ヨツ

顔のないヒトラーたちのヨツのネタバレレビュー・内容・結末

顔のないヒトラーたち(2014年製作の映画)
3.9

このレビューはネタバレを含みます

主人公の若き検事が、忘れ去られようとするアウシュビッツの真実を、そして正義を追い求める話。

主人公を含めた若者たちが、アウシュビッツについてあまりに無知なことに驚いた。今ではアウシュビッツといえば、大量虐殺のイメージがどんな人の頭にも思い浮かぶのでは?

戦後、元親衛隊員が他の人と変わらない暮らしをしていたこと、上からの圧力で裁きたくても裁けない人がいたこと、初めて知った。

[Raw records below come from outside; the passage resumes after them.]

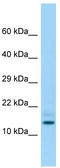 HD Domain Containing 3 antibody, TA334094, Origene, Western Blot image 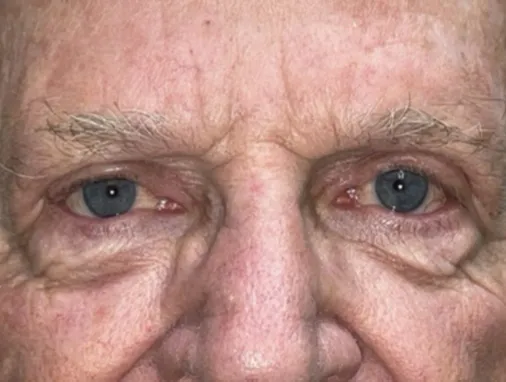 Upper Lid Blepharoplasty (upper eyelid lift)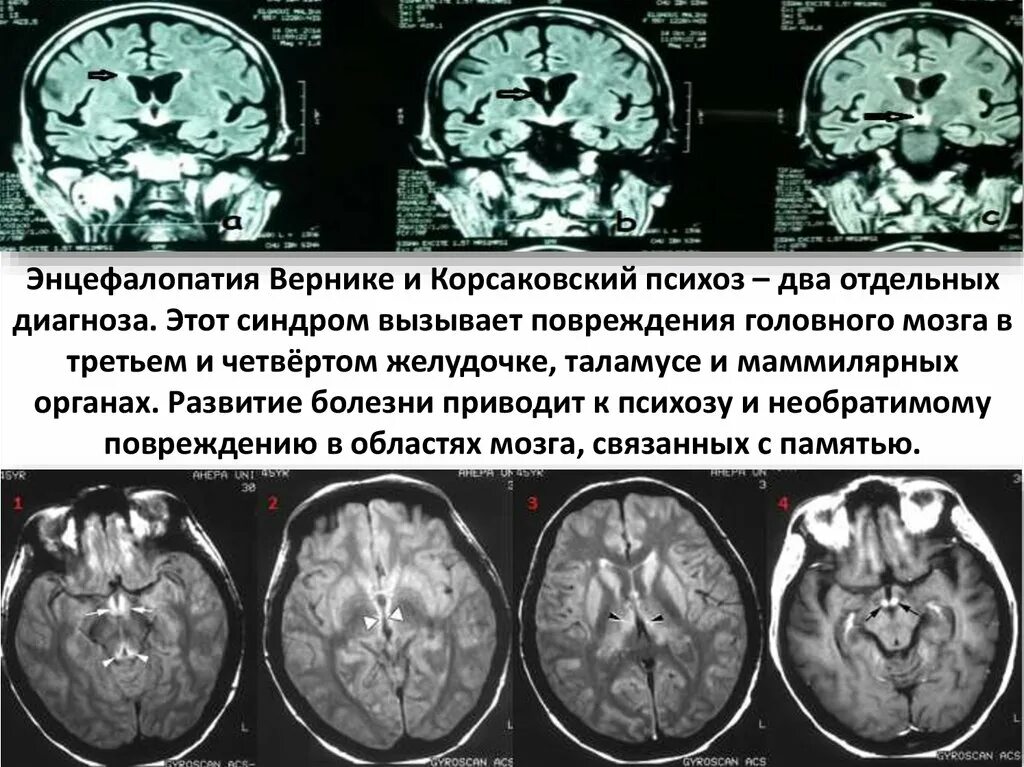 Энцефалопатия Вернике Корсакова. Энцефалопатия Вернике. Синдром Вернике-Корсакова. Энцефалопатия Вернике мрт картина.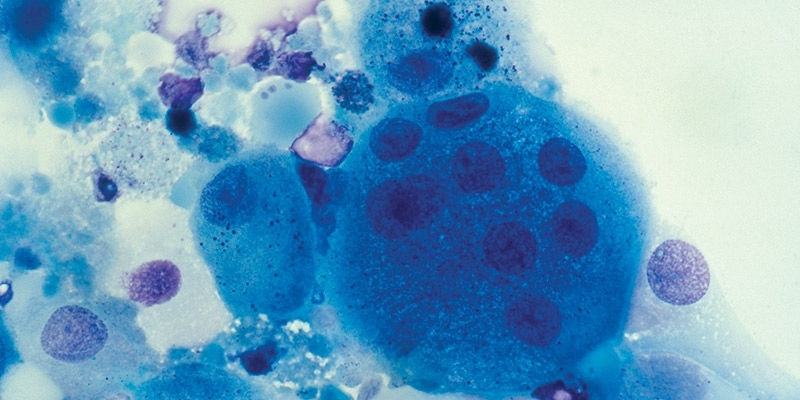 Cells with HIV as viewed through a microscope.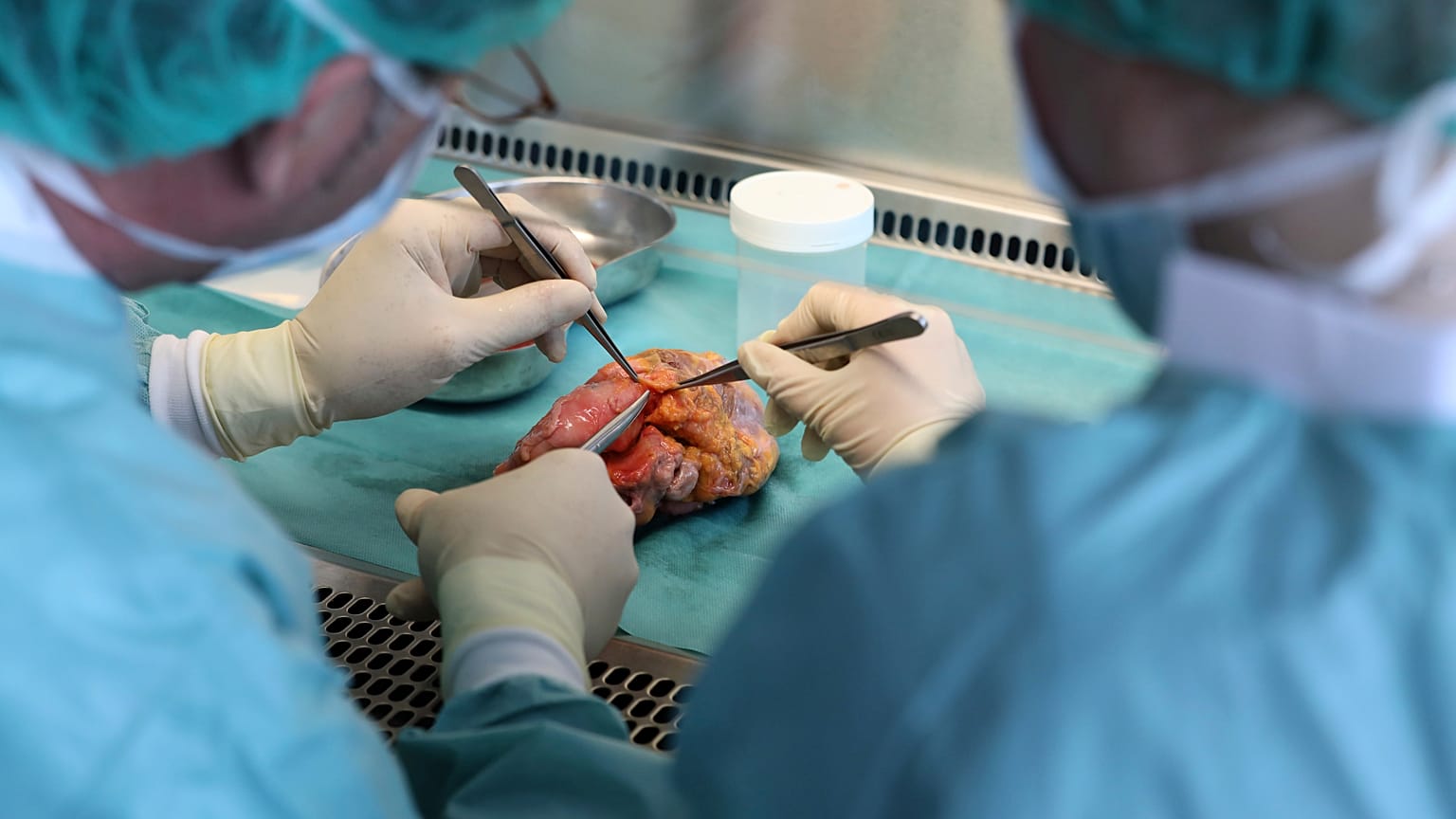 Almanya'da organ bağışı reform teklifi parlamentoda reddedildi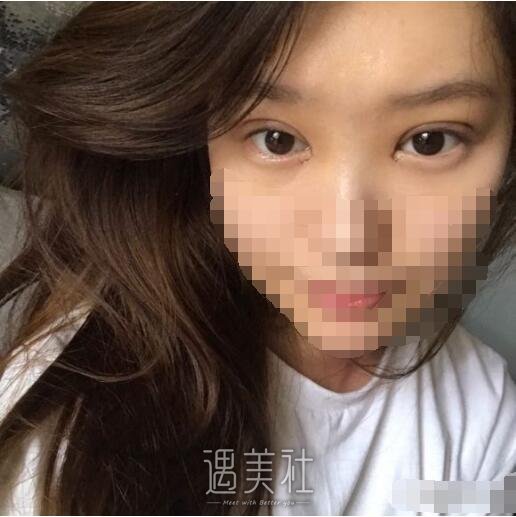 成都西蝉美容医院双眼皮怎么样?我也想逆天改命!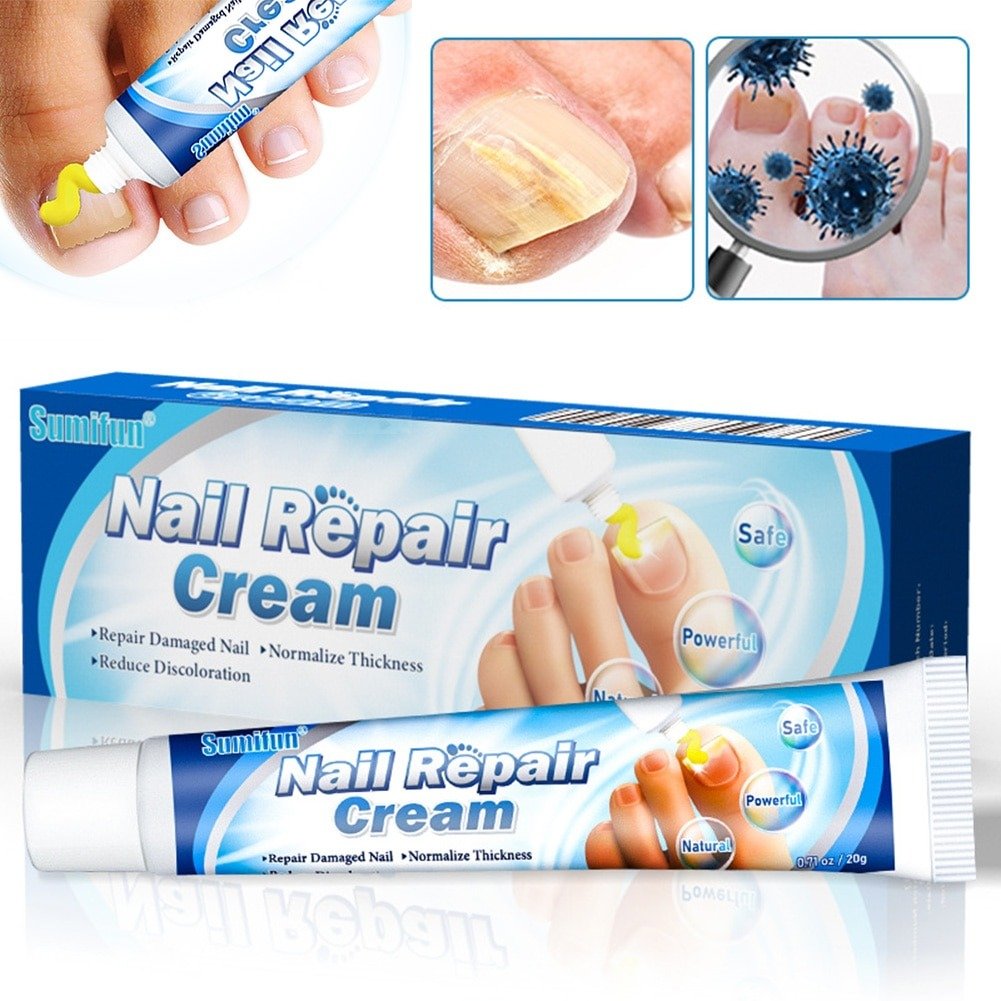 5pcs Nail Fungal Removal Ointment Toenail Whitening Nail Repair Treatment  Cream Anti Infection Paronychia Onychomycosis A655 | Fruugo KR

小学校のころ、アウシュビッツ収容所の跡地を訪れ、資料館に展示されている収容者の毛髪や鞄の数々を見たことを思い出した。
当時の写真も展示されていたけれど、それぞれの出身地が書かれている鞄が積み上げられている展示が何より印象的だった。そこで亡くなっていった人たちは自分と変わらない、歴史上の数字ではない、人間であったのだと身に迫る実感を与えられた。

主人公が裁判を諦めそうになるとき、大義を見失ったという台詞があった。
人の罪を追求するとき、自分の立場に置き換えて考えると、どうしても自分がその立場にあったら同じことをしたのではないか?自分に彼/彼女を裁く権利はあるのか?という葛藤がついてまわる。
そこで発せられた、罰でなく被害者とその記憶に目を向けろ、という台詞に考えさせられた。
誰もがその葛藤故に人を裁くことを諦めたら、だれが正義を実行するのだろう?完ぺきで客観的な正義などこの世のどこにも存在しないならば、人を裁いたのだという重みを背負いながらも、正義を追い求めることこそが、必要なことではないのか。

圧力に屈せず、真実を追い求めようとする主人公に、無知であることのこわさを教えられた気がする。